As an ex-Viv (w/ Siri team) eng, let me help ease everyone's future trauma as well with the Fundamentals of Assisted Intelligence.
Make no mistake, OpenAI is building a new kind of computer, beyond just an LLM for a middleware / frontend. Key parts they'll need to pull it off:
Persistent User Preferences:
- The biggest unlock of assistants has always been to deeply understand what someone wants in the most specific way.
- This is the "wow" moment where computers stop being scary and start feeling truly helpful.
- We did this in 2016 on Viv (https://t.co/aQSbFfRNde) when our AI knew what you liked for each and every service you used via Viv and mixed that in with context like what kind of flowers you told us your mom liked.
- This will need to include access to your personal information to infer preference as well.
External, Real-time Data:
- 50% of the utility of an LLM comes from the base training and RLHF fine-tuning; but much more comes from extending its available data with external sources.

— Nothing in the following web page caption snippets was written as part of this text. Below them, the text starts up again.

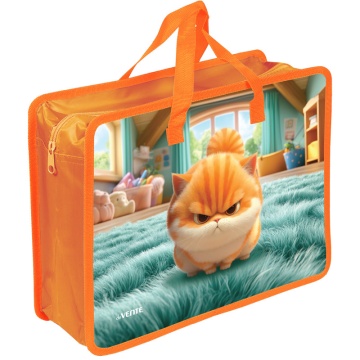 Папка А4 (335*260*100) с ручками, молния, пластик" Angry Cat"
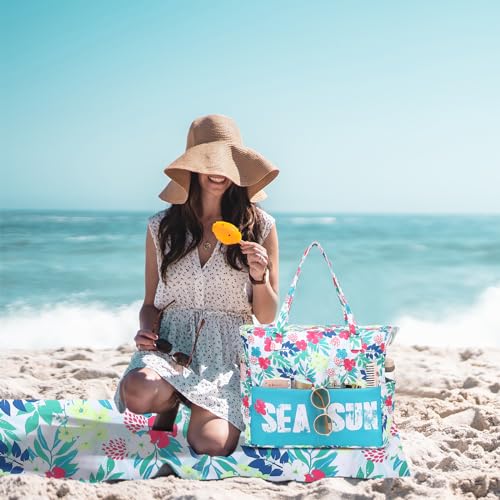 Bolsa de playa impermeable con compartimento húmedo y gran capacidad 4
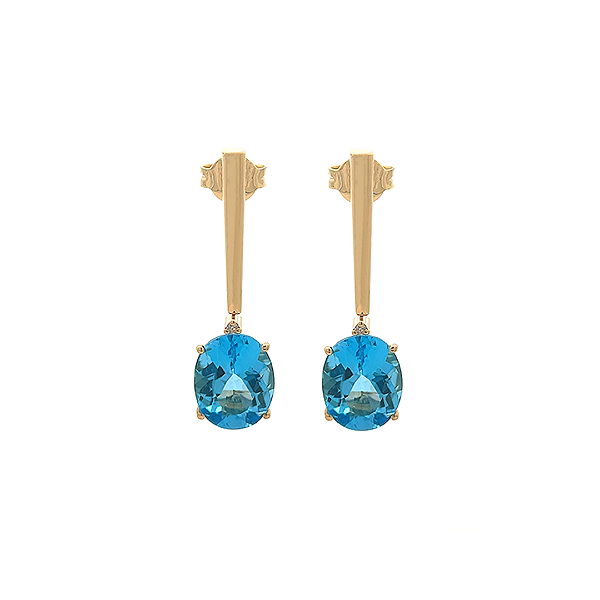 Brinco de Topázio Azul e Ouro Amarelo 18k (B13963)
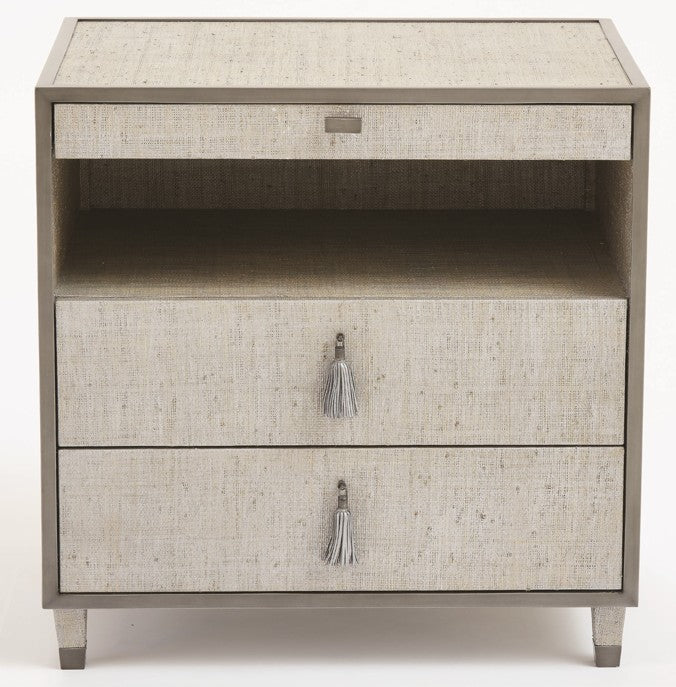 Argento Bedside Chest with Glass Top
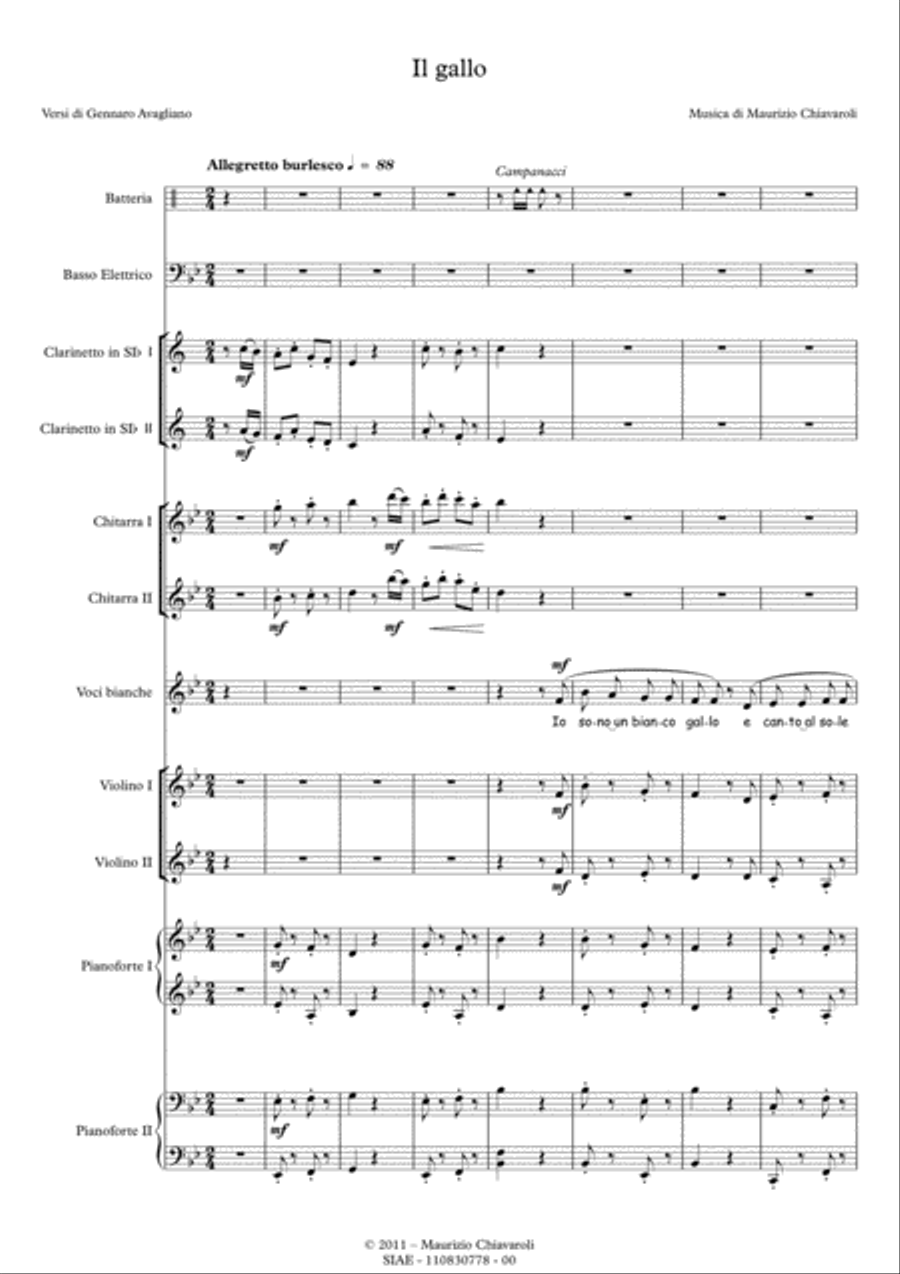 Il gallo (School orchestra version) Unison Choir scores gallery preview page 1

- Zapier, Airbyte and others will help, but expect deep integration with 3rd party apps / data pipelines.
- "Chat w/ PDF" is a tiny, tiny part of this. If you're only building that, think much bigger.
Actual Computing on a Virtual Machines:
- Context windows are limiting, so AI providers will continue benefiting from running tasks directly on a Python or Node/Deno virtual env so it can consume huge amounts of data just like a computer today can.
- Today these are short-lived envs used by Data Analyst / Julius, but over time they'll become a new type of Dropbox where your data is persisted long term for additional processing or cross-file inference / insights.
Agent Task / Flow Planning:
- Planning can't function without intent. Understanding intent has always been a holy grail, and LLMs finally helped us unlock what we spent years approximating at Viv with NLP tricks.
- Once intent is accurate, planning can start. Creating an agent planner is incredibly nuanced and will take significant integration with user preferences, 3rd party data sets, knowledge of compute capabilities, etc.
- The bulk of the real magic of Viv was the dynamic planner / mixer that would pull all these data and APIs together and generate both a workflow AND dynamic UI on top of them for a normal consumer to execute.
An App Store of Experts:
- Apple initially made the mistake of building a closed app store; then realized they could monetize a cornucopia of creativity if they opened it.
- Regardless of OpenAI saying they're focused on ChatGPT and only ChatGPT, it's inevitable they'll rescope it and enable a long tail of specialized assistants.
- Builders will be able to compose multiple tools together into workflows that can specialize
- And AIs over time will be able to auto-compose these tools together as well, learning from the builders that came before them.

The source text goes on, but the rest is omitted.